- **Work task**:
Apart from the pictures, every line below is to be set down exactly.

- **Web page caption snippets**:
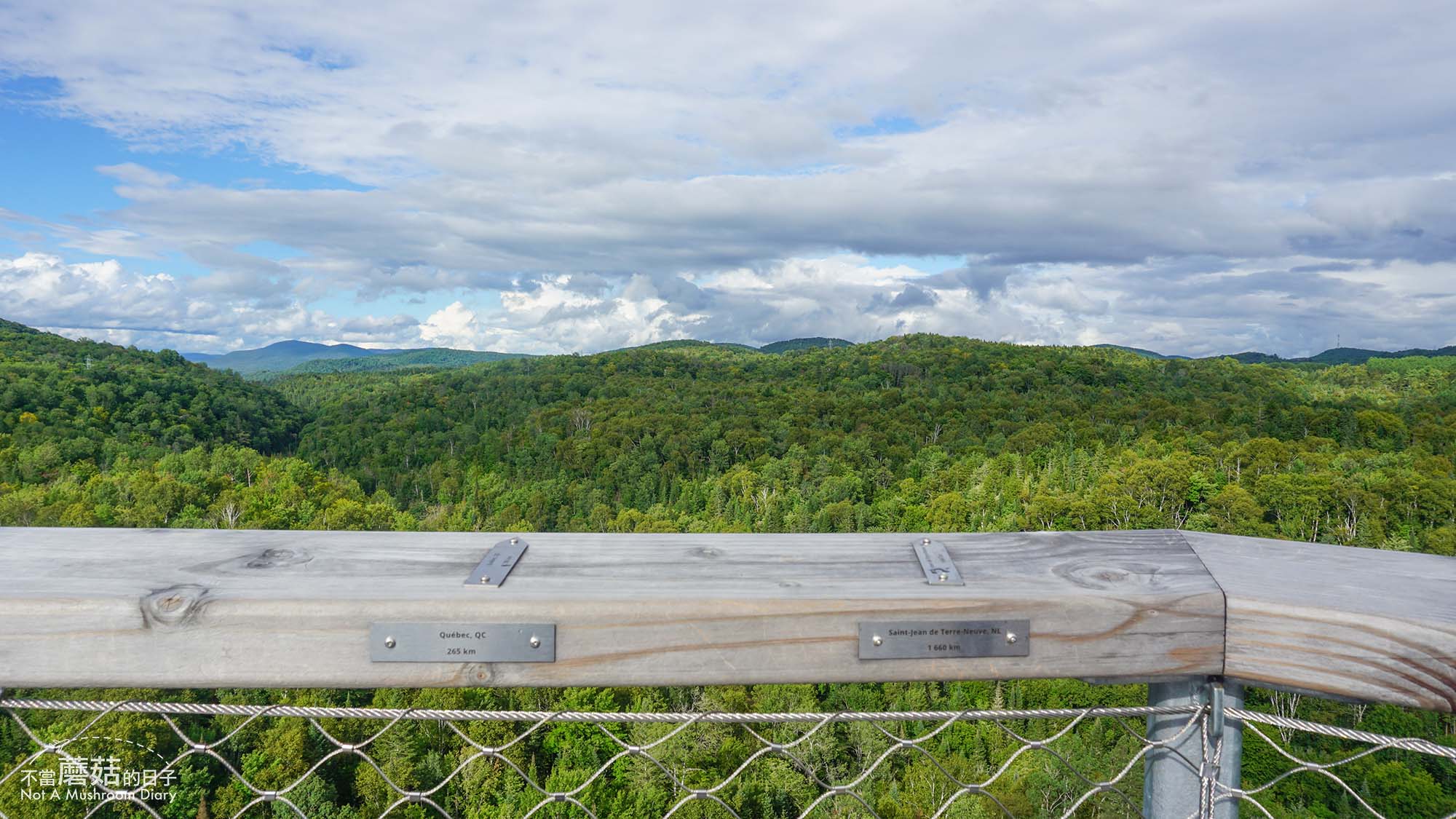蒙特婁 魁北克 景點 推薦 必去 Sentier des cimes Laurentides 洛朗第樹冠步道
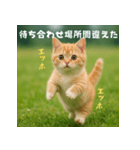 遅刻する猫：エッホエッホ（個別スタンプ：17）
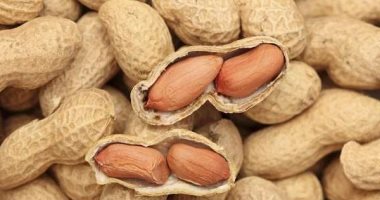 لو تسالي العيد ما خلصتش.. اعرفي الطريقة الصحيحة لحفظها من التلف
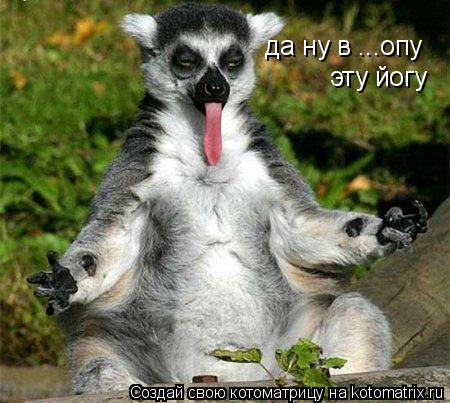 да ну в ...опу эту йогу... Котоматрица: да ну в ...опу эту йогу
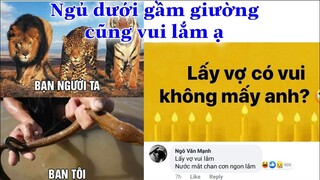 Lấy Vợ Có Gì Vui Không ?  Top Comments Hài Hước Face Book (p184)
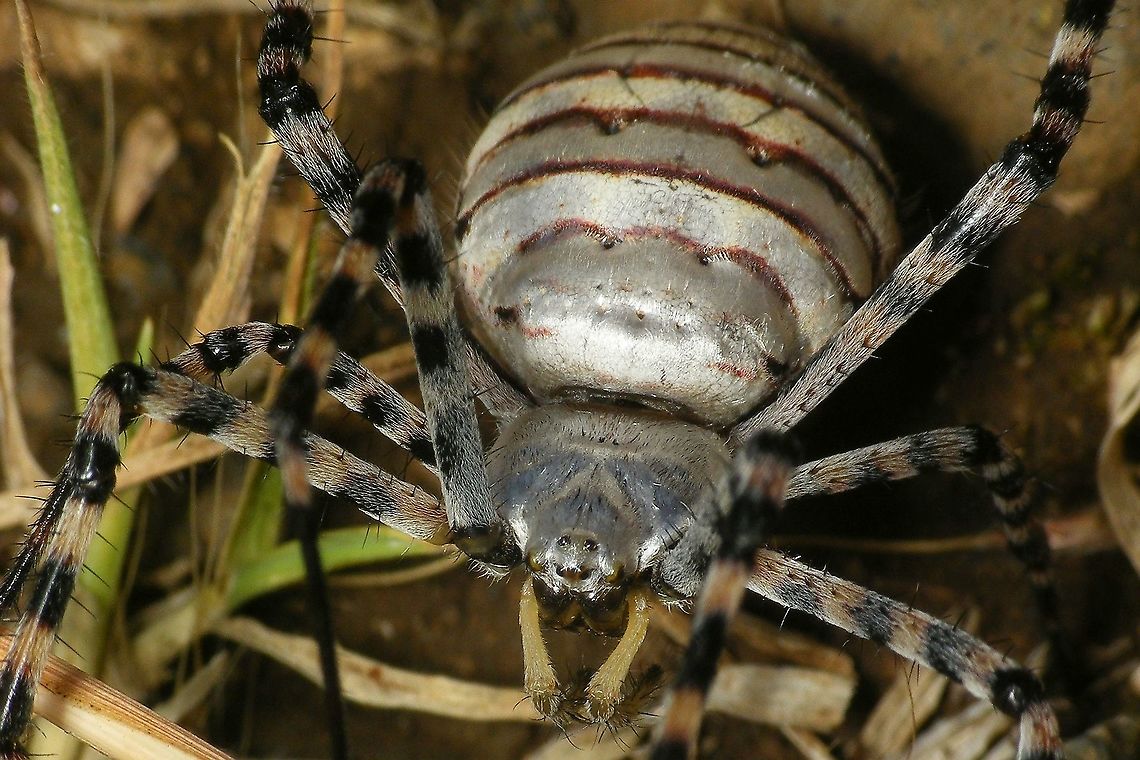 Argiope trifasciata - Portrait  Araneae,Araneidae,Argiope,Argiope trifasciata,Geotagged,La Palma (Canary Islands),Spain,Spring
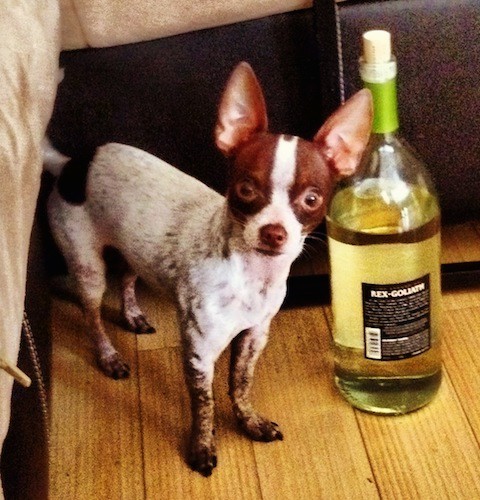 A white and brown small dog standing next to a bottle of white wine on a hardwood floor in front of a leather couch. The dog has a white body with brown ticking, brown around the sides of his face and around each eye, brown ears, a patch of brown near the base of his tail and a brown nose and wide round brown eyes.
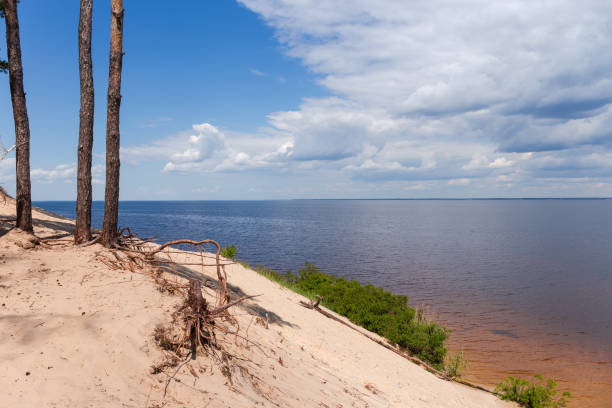 istock Steep sandy reservoir shore with pines with exposed roots 1467519878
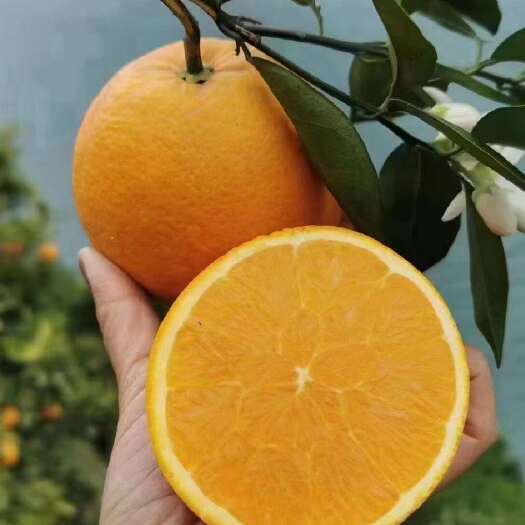 宜昌宜昌夏橙，个大皮薄，汁水充足，囗感细腻，纯甜无酸，产地直发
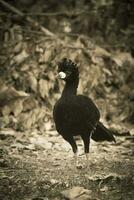 nackt konfrontiert Curassow, im ein Urwald Umfeld, pantanal Brasilien foto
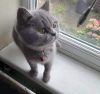 Photo №1. british shorthair - for sale in the city of Florida | 500$ | Announcement № 72051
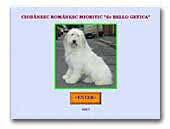 de Bello Getica Kennel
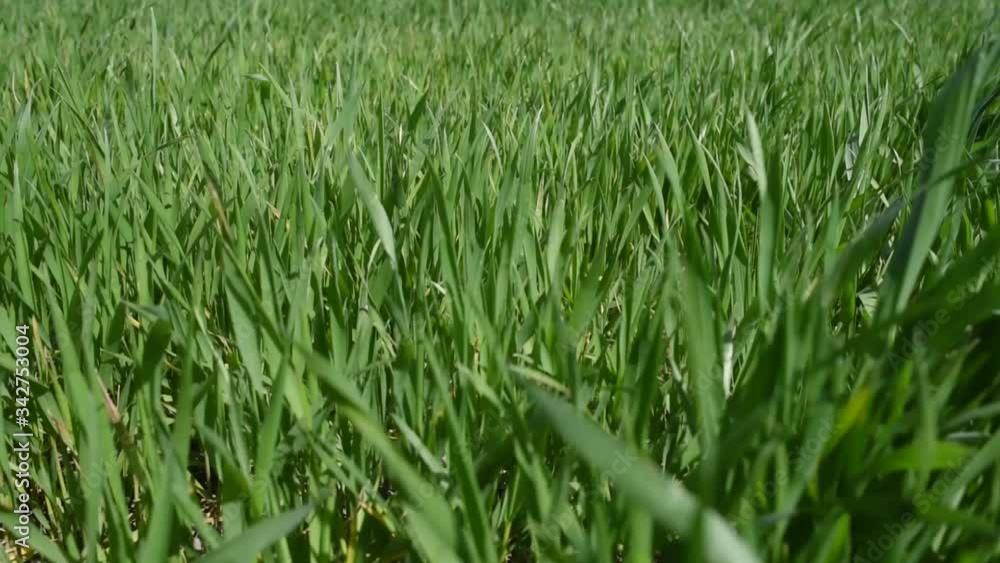 green grass in the morning green grass in the morning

- **Response to this exercise**:
蒙特婁 魁北克 景點 推薦 必去 Sentier des cimes Laurentides 洛朗第樹冠步道
 遅刻する猫：エッホエッホ（個別スタンプ：17）
 لو تسالي العيد ما خلصتش.. اعرفي الطريقة الصحيحة لحفظها من التلف
 да ну в ...опу эту йогу... Котоматрица: да ну в ...опу эту йогу
 Lấy Vợ Có Gì Vui Không ?  Top Comments Hài Hước Face Book (p184)
 Argiope trifasciata - Portrait  Araneae,Araneidae,Argiope,Argiope trifasciata,Geotagged,La Palma (Canary Islands),Spain,Spring
 A white and brown small dog standing next to a bottle of white wine on a hardwood floor in front of a leather couch. The dog has a white body with brown ticking, brown around the sides of his face and around each eye, brown ears, a patch of brown near the base of his tail and a brown nose and wide round brown eyes.
 istock Steep sandy reservoir shore with pines with exposed roots 1467519878
 宜昌宜昌夏橙，个大皮薄，汁水充足，囗感细腻，纯甜无酸，产地直发
 nackt konfrontiert Curassow, im ein Urwald Umfeld, pantanal Brasilien foto
 Photo №1. british shorthair - for sale in the city of Florida | 500$ | Announcement № 72051
 de Bello Getica Kennel
 green grass in the morning green grass in the morning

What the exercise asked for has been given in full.